Moutard will not be unknown to Champagne drinkers. They are one of the producers from the Côte des Bar (Aube), which by coincidence is just across the regional border north of Chablis/Irancy. They have been making still wines from those appellations for some years, but only started producing Crémant de Bourgogne, from vineyards around Tonnerre, since 2015, so this is a new venture. The wines are only just on the market this year.

There were six wines on show, all well made and showing the expertise of a well regarded Champagne House. There’s a Brut, Brut Nature with zero dosage, a cuvée vinified in oak, a Brut Rosé from Pinot Noir, and a 3 Cépages cuvée (Chardonnay, Pinot Noir and Aligoté).

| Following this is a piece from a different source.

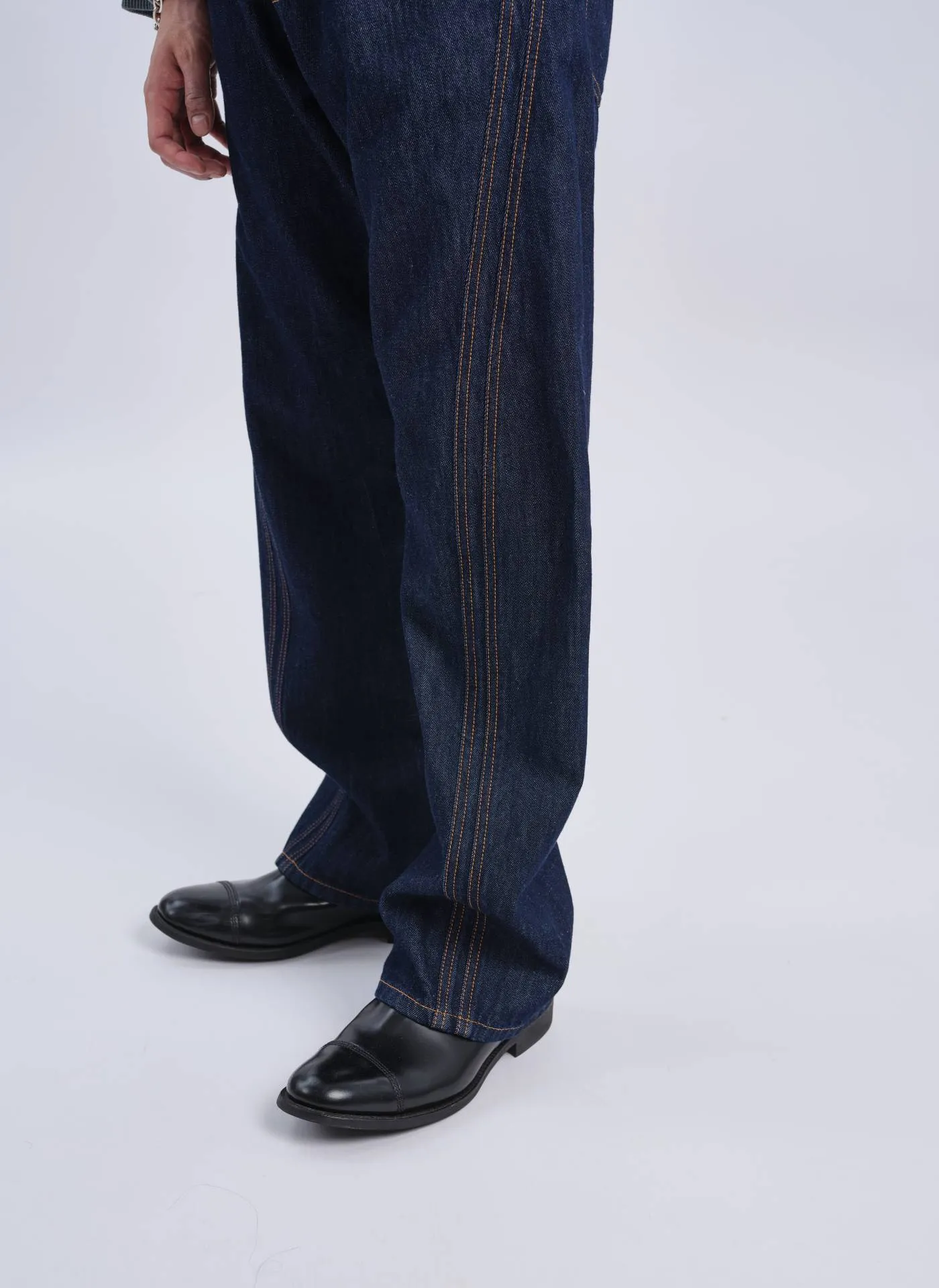 Morning Walk Code Soul Indigo Cotton Linen Denim Jeans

Of the six, the most interesting, though certainly the most expensive one would assume, is the cuvée Les Vignoles. This is from a selected parcel, or lieu-dit, a plot at Molosmes, just east of Epineuil. 100% Chardonnay, there’s more complexity. The fruit is citrus, with some tropical flavours, but overall there’s a nice line of fresh acidity. With a touch more presence than the other wines, this will certainly accompany food – paté to seafood and (as Moutard suggest) sushi. It will be interesting to see how they price this one.

 

Veuve Ambal, Crémant de Bourgogne

This company is the largest producer of Crémant de Bourgogne (they make 40% of the AOP), based in the Côte Chalonnaise, at Rully. They have been operating for more than a century, and are also responsible for the still Burgundies of André Delorme.

There were several sparkling wines on show, but they were showcasing a new “product”, Veuve Ambal Expression. It’s a Crémant de Bourgogne with a “random bottle design”, so that the pattern on every bottle is different. Now one could be cynical about all that, but to be fair the wine tastes fine, no, more than fine. The blend is 90% Pinot Noir with the addition of Gamay. Dosed at a friendly 11 g/l, it has plenty of fruit on the nose and it’s not all that dry (to a Champagne drinker). You’d call it a crowd pleaser, and if that, along with the bottle design, encourages novices to try a Crémant de Bourgogne, that is a good thing.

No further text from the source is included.